__What you should do__. Output begins at the line with "Round Birthstone March" and ends at the last line of the records below. Copy each line in that span exactly, and leave out pictures.

__Data records__.
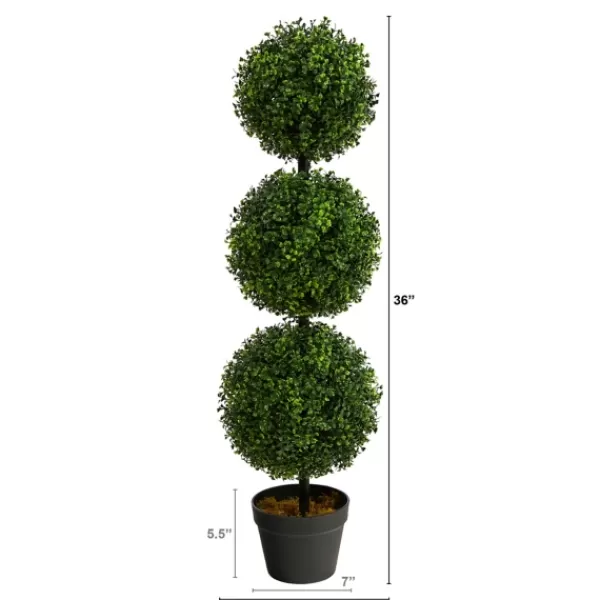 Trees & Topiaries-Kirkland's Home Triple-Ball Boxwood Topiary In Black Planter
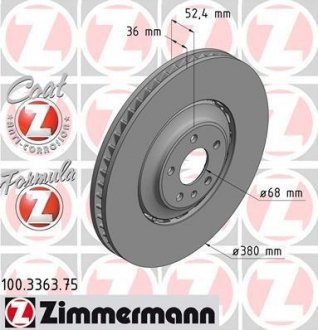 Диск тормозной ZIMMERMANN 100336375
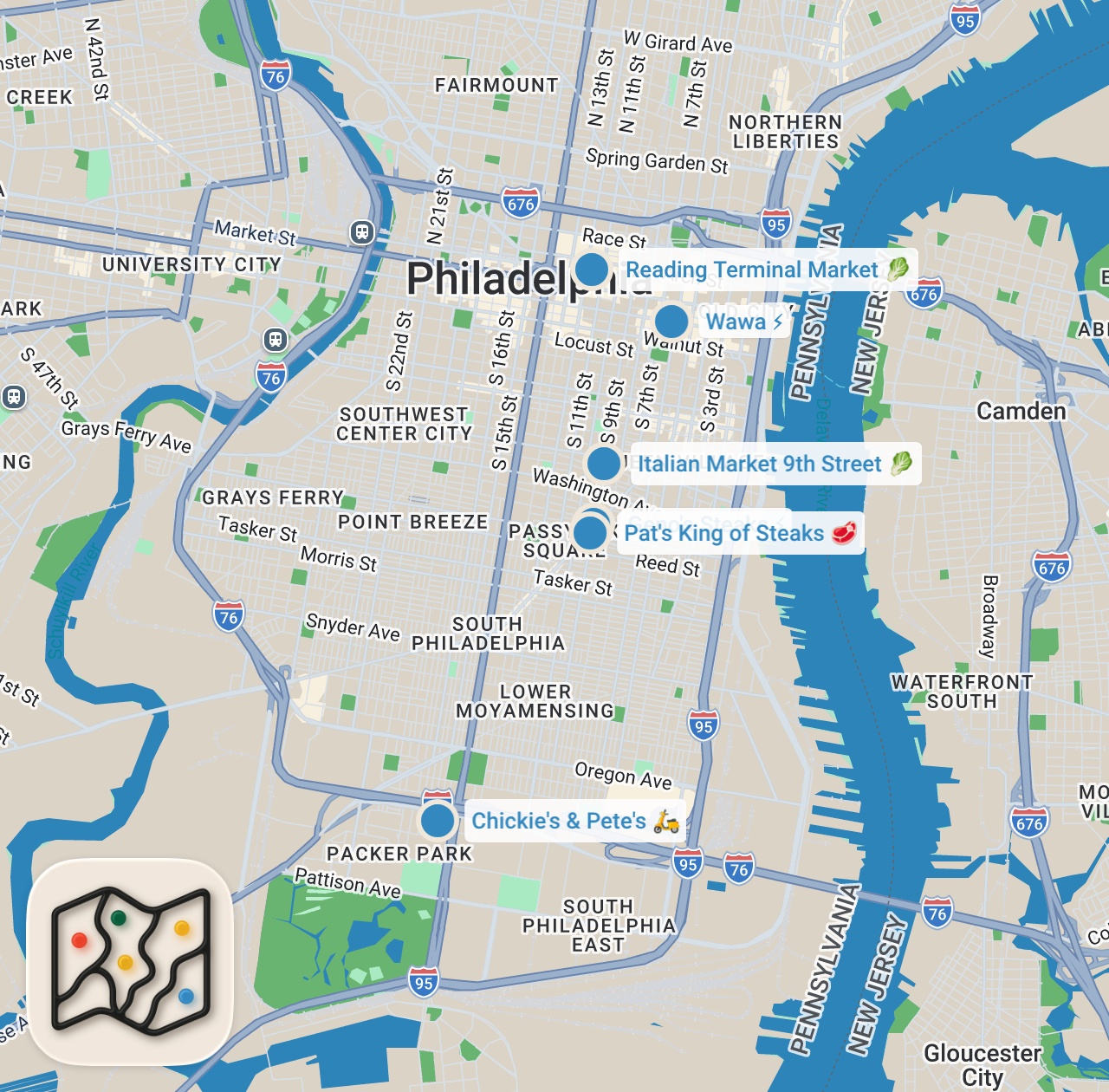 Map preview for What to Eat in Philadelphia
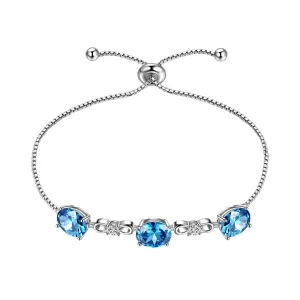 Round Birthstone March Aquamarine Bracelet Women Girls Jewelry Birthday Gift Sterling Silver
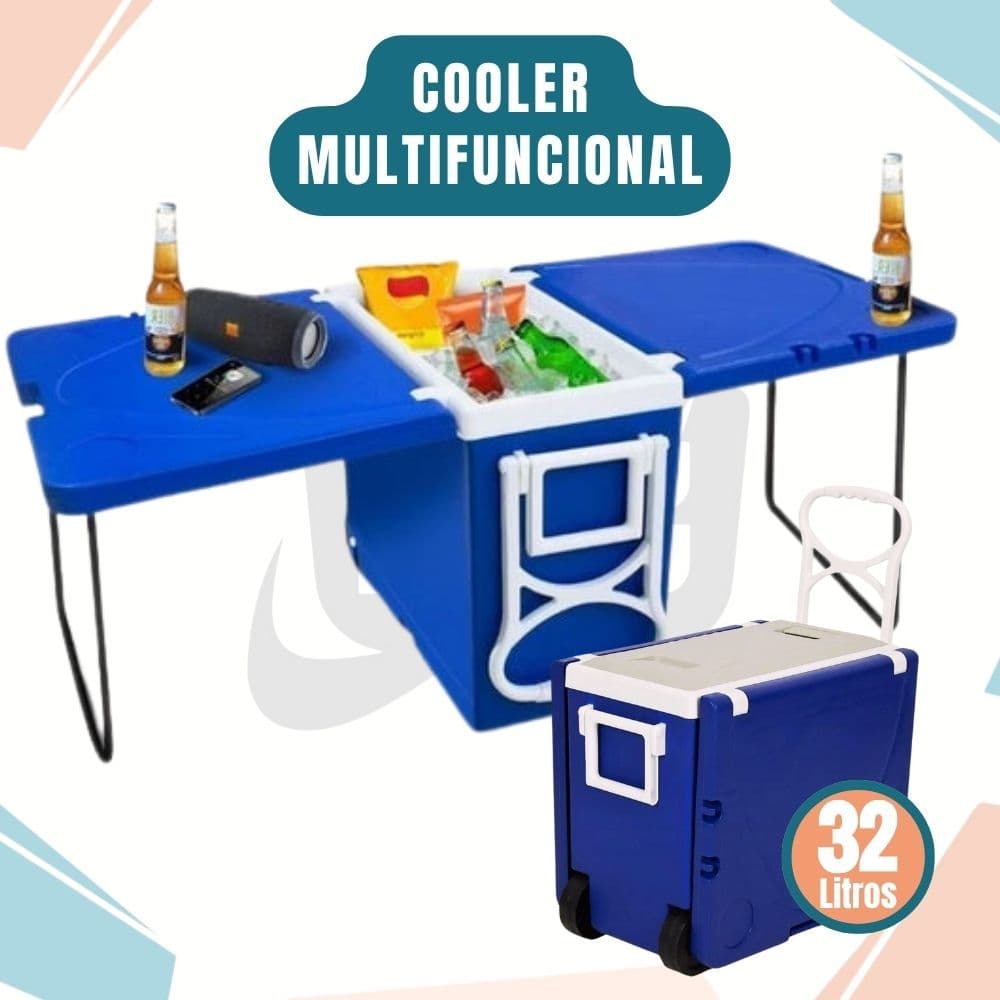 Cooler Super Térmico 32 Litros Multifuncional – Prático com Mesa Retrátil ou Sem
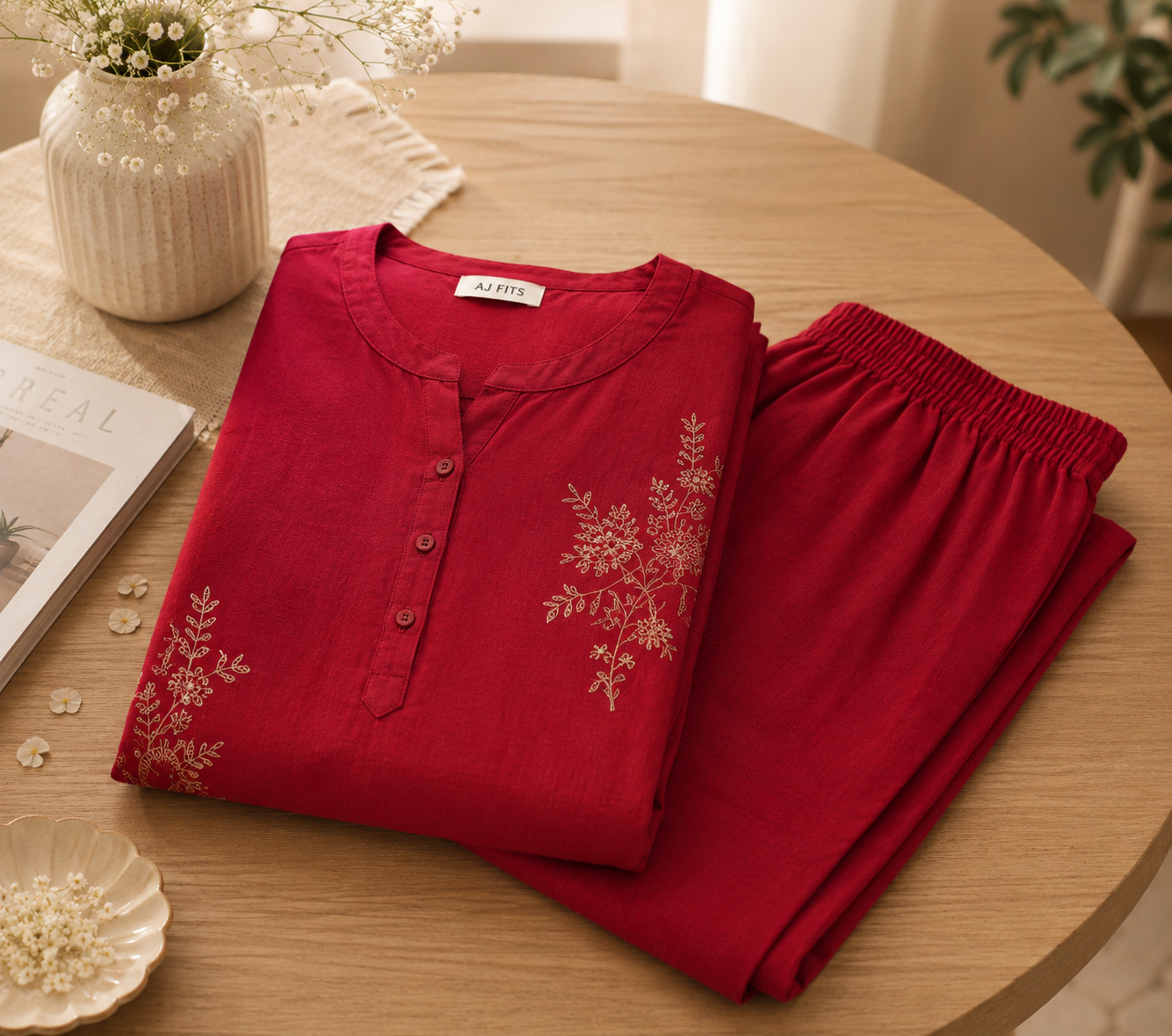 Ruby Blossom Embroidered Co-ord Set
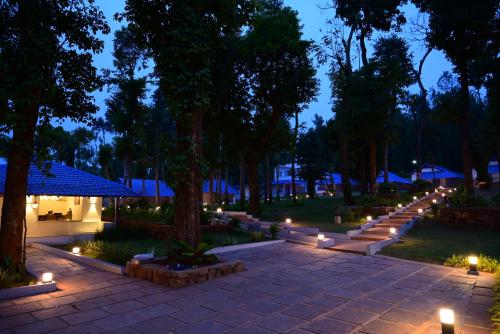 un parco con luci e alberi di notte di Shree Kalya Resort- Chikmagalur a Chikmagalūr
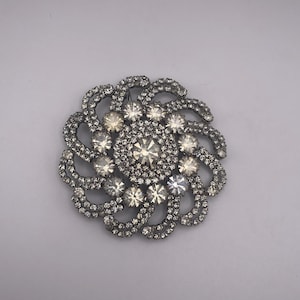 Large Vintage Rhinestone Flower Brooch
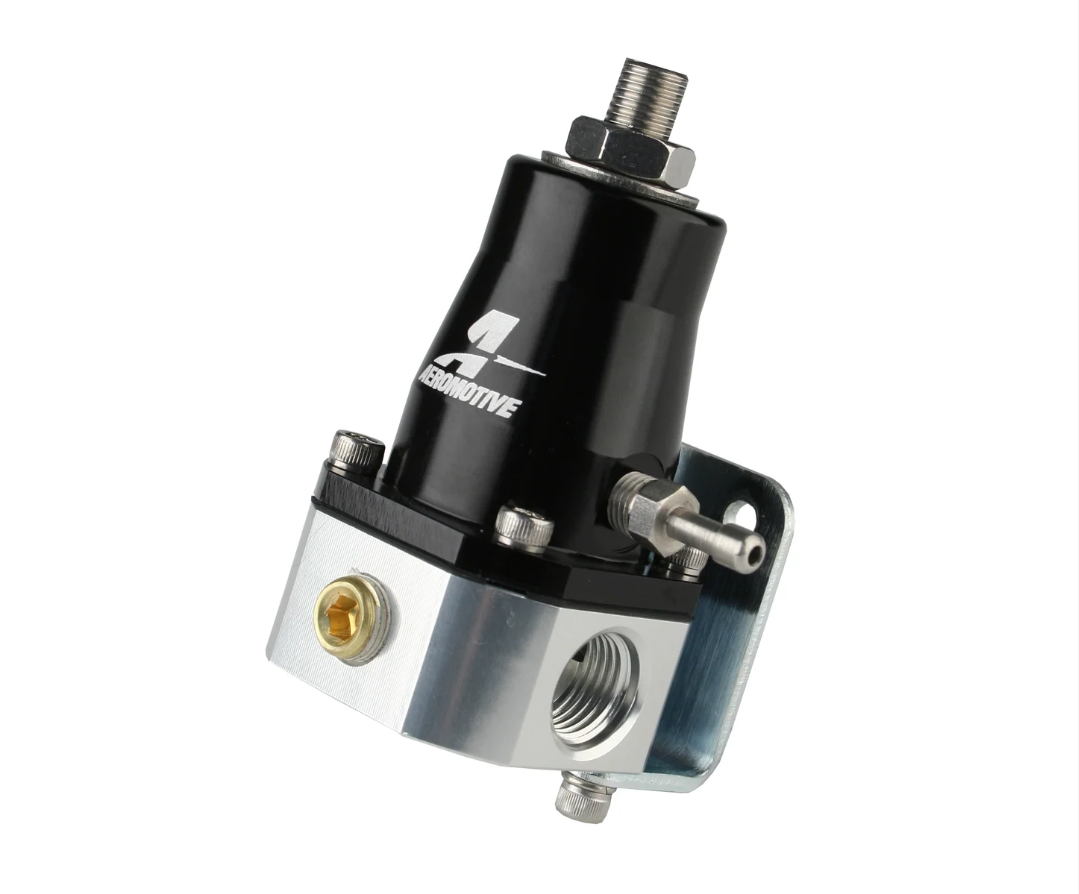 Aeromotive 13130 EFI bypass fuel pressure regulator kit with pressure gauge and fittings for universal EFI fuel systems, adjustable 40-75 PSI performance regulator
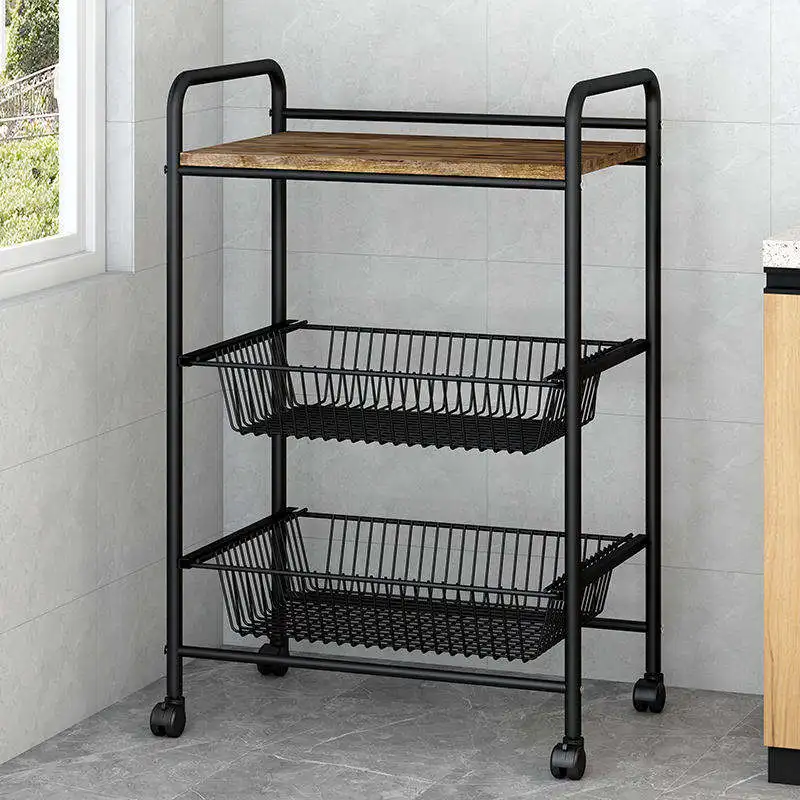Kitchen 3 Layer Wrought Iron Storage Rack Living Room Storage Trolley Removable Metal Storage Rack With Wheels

__Problem solution__.
 Round Birthstone March Aquamarine Bracelet Women Girls Jewelry Birthday Gift Sterling Silver
 Cooler Super Térmico 32 Litros Multifuncional – Prático com Mesa Retrátil ou Sem
 Ruby Blossom Embroidered Co-ord Set
 un parco con luci e alberi di notte di Shree Kalya Resort- Chikmagalur a Chikmagalūr
 Large Vintage Rhinestone Flower Brooch
 Aeromotive 13130 EFI bypass fuel pressure regulator kit with pressure gauge and fittings for universal EFI fuel systems, adjustable 40-75 PSI performance regulator
Kitchen 3 Layer Wrought Iron Storage Rack Living Room Storage Trolley Removable Metal Storage Rack With Wheels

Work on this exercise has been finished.